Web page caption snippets

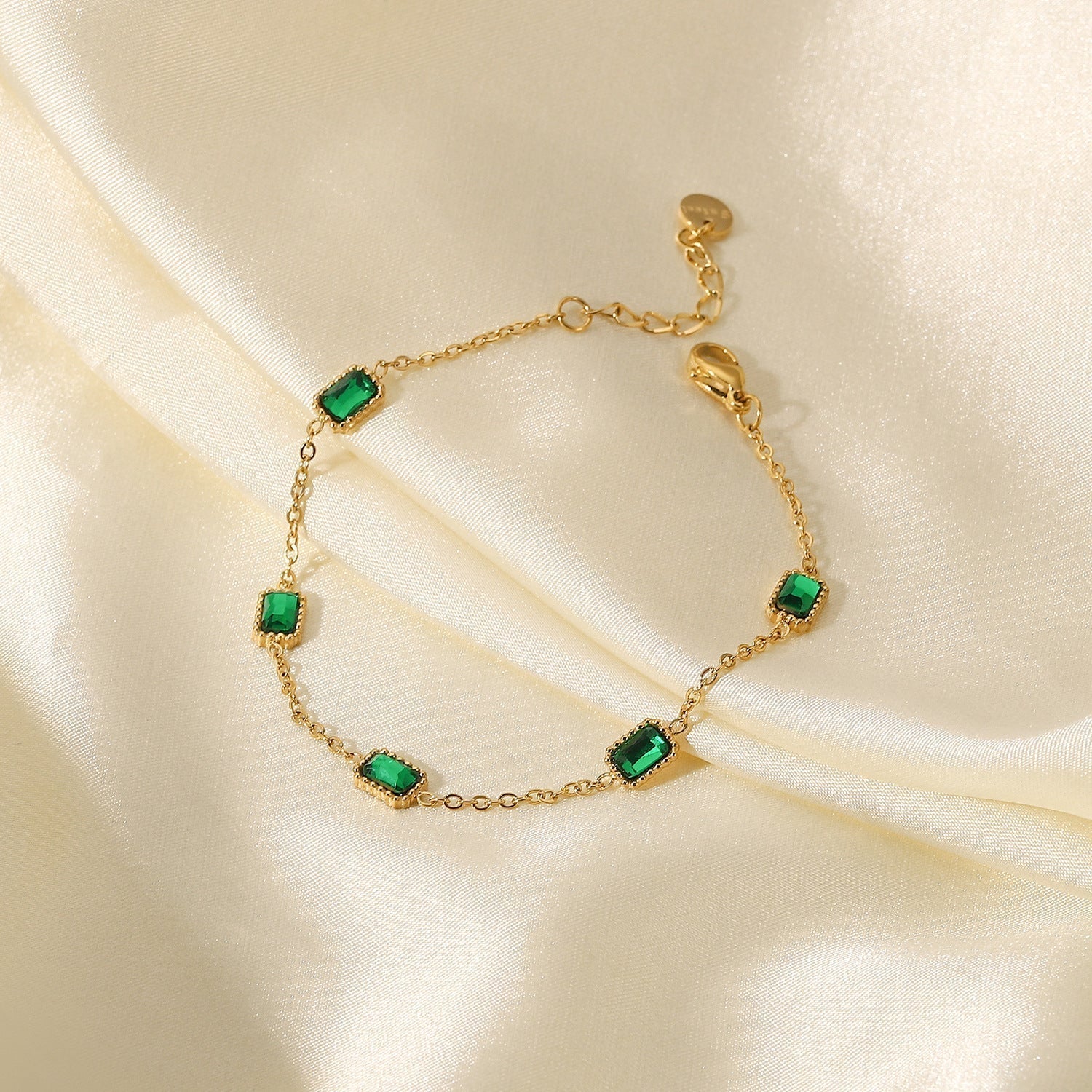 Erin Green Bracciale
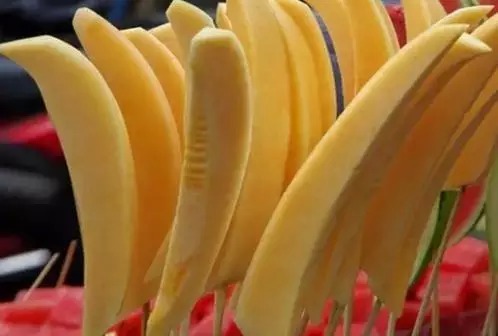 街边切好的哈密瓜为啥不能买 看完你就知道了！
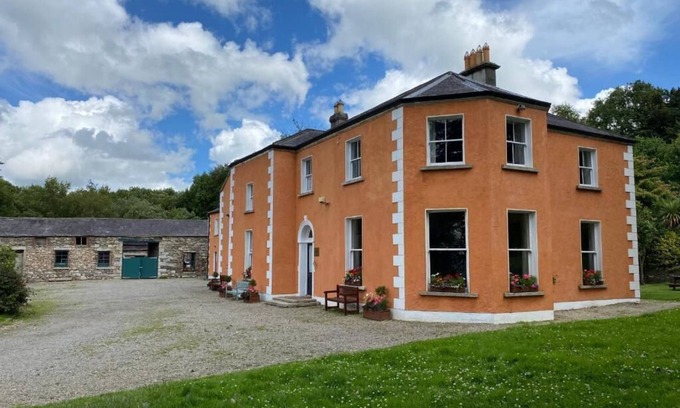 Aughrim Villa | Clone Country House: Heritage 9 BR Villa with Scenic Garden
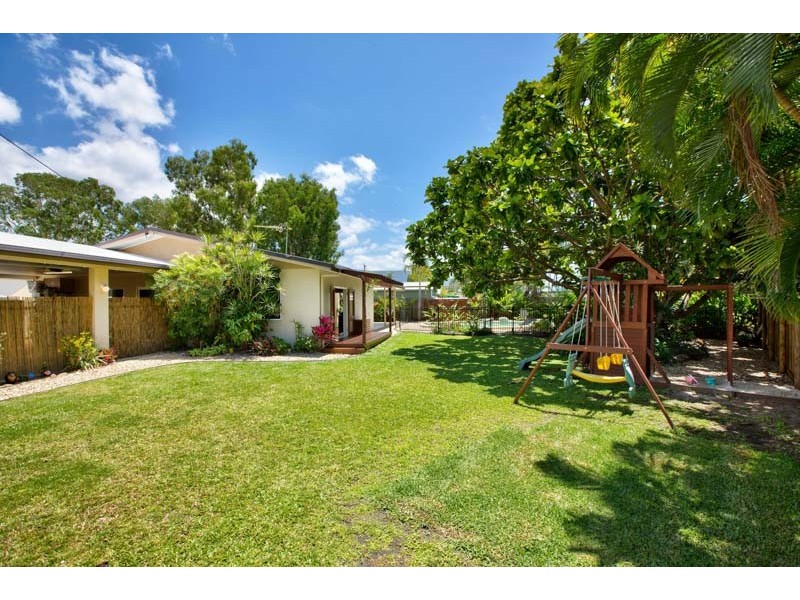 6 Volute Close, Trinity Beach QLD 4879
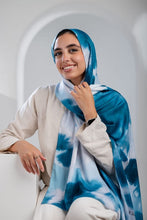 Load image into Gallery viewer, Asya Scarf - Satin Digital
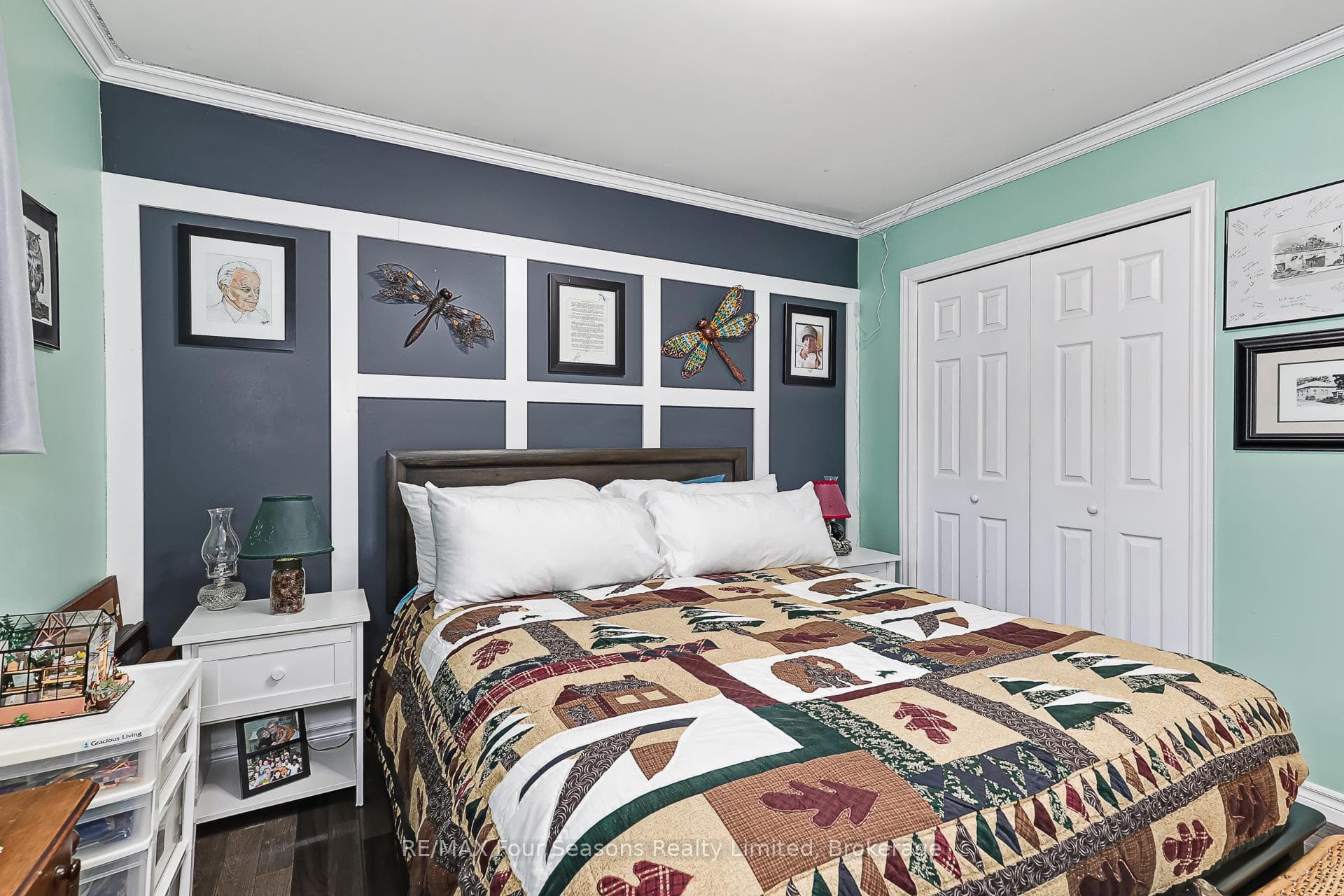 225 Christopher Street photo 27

• _Work order_: Transcribe the records above exactly, without images.

• _Result of this exercise_:
 Erin Green Bracciale
 街边切好的哈密瓜为啥不能买 看完你就知道了！
 Aughrim Villa | Clone Country House: Heritage 9 BR Villa with Scenic Garden
 6 Volute Close, Trinity Beach QLD 4879
 Load image into Gallery viewer, Asya Scarf - Satin Digital
 225 Christopher Street photo 27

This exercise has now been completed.